We’re 500 words in, and I feel like you’re finally catching on.
Did people know this?
Heck yeah. By 2015, Florida ranked No. 1 in denying unemployment benefits. The Sentinel ran a headline that year: “Florida benefits are virtually inaccessible.”
Did other people care?
Media and watchdogs. Also the people who were directly affected. But laidoff workers don’t have much lobbying clout in Tallahassee. So, much like disabled families and preschool kids, they get short-changed in Tallahassee.
But what about all the federal benefits? Even if my state’s a dumpster fire, shouldn’t I by entitled to the federal money?
You should. But you’re not. You have to make it through Florida’s dysfunction to qualify for the federal money.
So this is all Rick Scott’s fault?
No. Legislators approved this system, too. Some, such as Scott
Plakon and Jason Brodeur, are still in office or running again this year.
Can they claim they didn’t know?
Not really. Even DeSantis now says the system was “designed to fail.” And the flaws and failures were widely documented in newspaper stories and state audits.
Wait, there were audits?
Yes. State audits found problems with the (ironically named) CONNECT system in 2015, 2016 and 2019.
Hold on. DeSantis was governor in 2019.
Correct. Last year’s audit cited hundreds of problems with CONNECT, including “incorrect error messages” and people who were locked out of their accounts for more than a year.
So DeSantis was told about these problems but didn’t fix them?

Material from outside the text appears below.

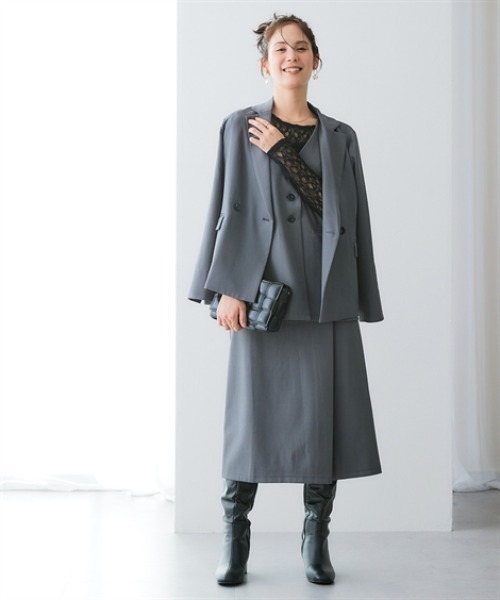 7days Life Styling（セブンデイズライフスタイリング）の「落ち感ドレープ素材ミドル丈フレアジレ（タテヨコストレッチ・しわになりにくい・速乾・ＵＶカット）＜大きいサイズ有＞（ベスト・レディース・グレー/ブラック・M/L/LL/3L）」の9枚目の写真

Well, he claimed Monday that the March 2019 audit never “reached my desk,” that his unemployment czar didn’t flag it for him and that legislators never asked him for money to fix the problems.
That seems like buckpassing.
So now what’s happening?
The state spent another $110 million on call-center workers and website improvement. Things are working better. But many Floridians are still waiting. So DeSantis has ordered the state’s inspector general to figure out how this fiasco happened.

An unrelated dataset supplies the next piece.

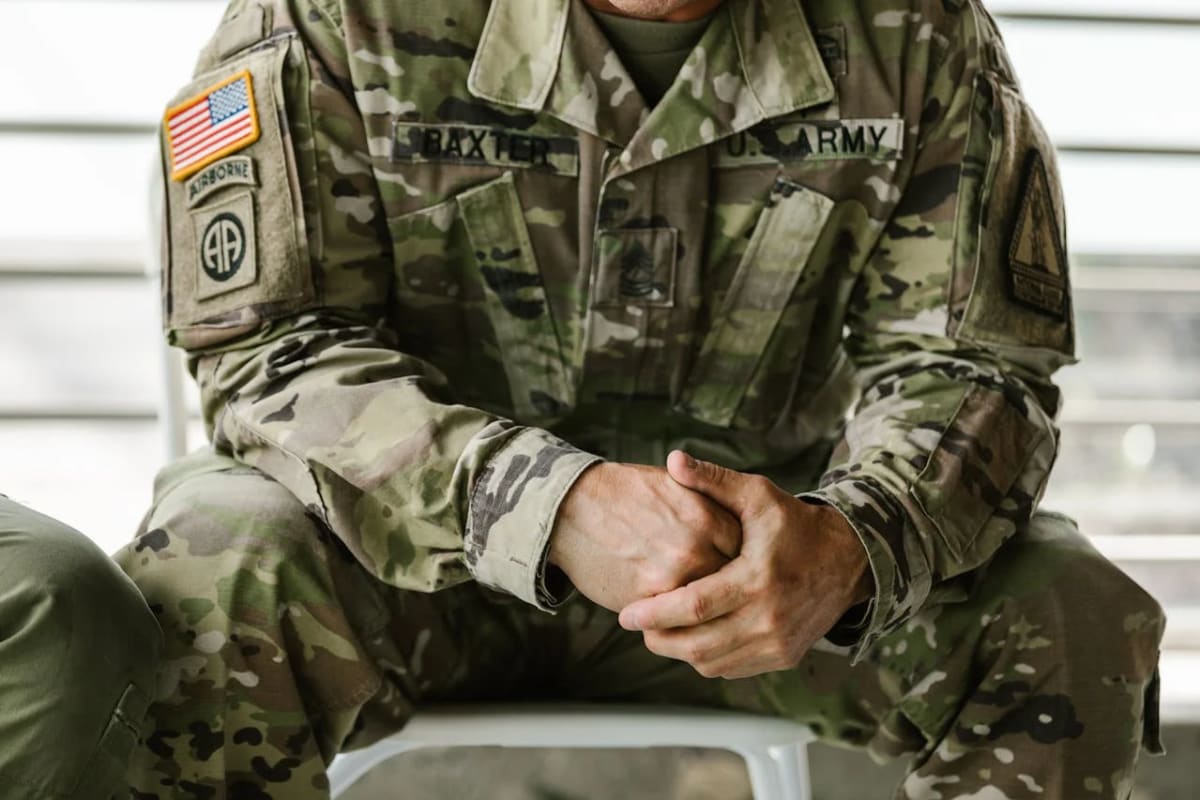 Soldado del Ejército de Estados Unidos con uniforme de combate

And who does the inspector general answer to?
Now I see why Rick Scott’s nervous.
Yes, Scott is now a U.S. Senator and trying to blame DeSantis’ chief of staff, who was involved in awarding the CONNECT contract to Deloitte Consulting more than a decade ago, just before Scott took office and reshaped the program.
Does anyone accept responsibility?
Not that I’ve seen.
So what should I do?
If you’re still waiting on benefits, contact either your state House or Senate member’s offices. (Contact info at leg.state.fl.us) Most have constituent-service aides who are trying their best to bird-dog individual cases.
The other thing you should do is remember all of this before you cast your next vote.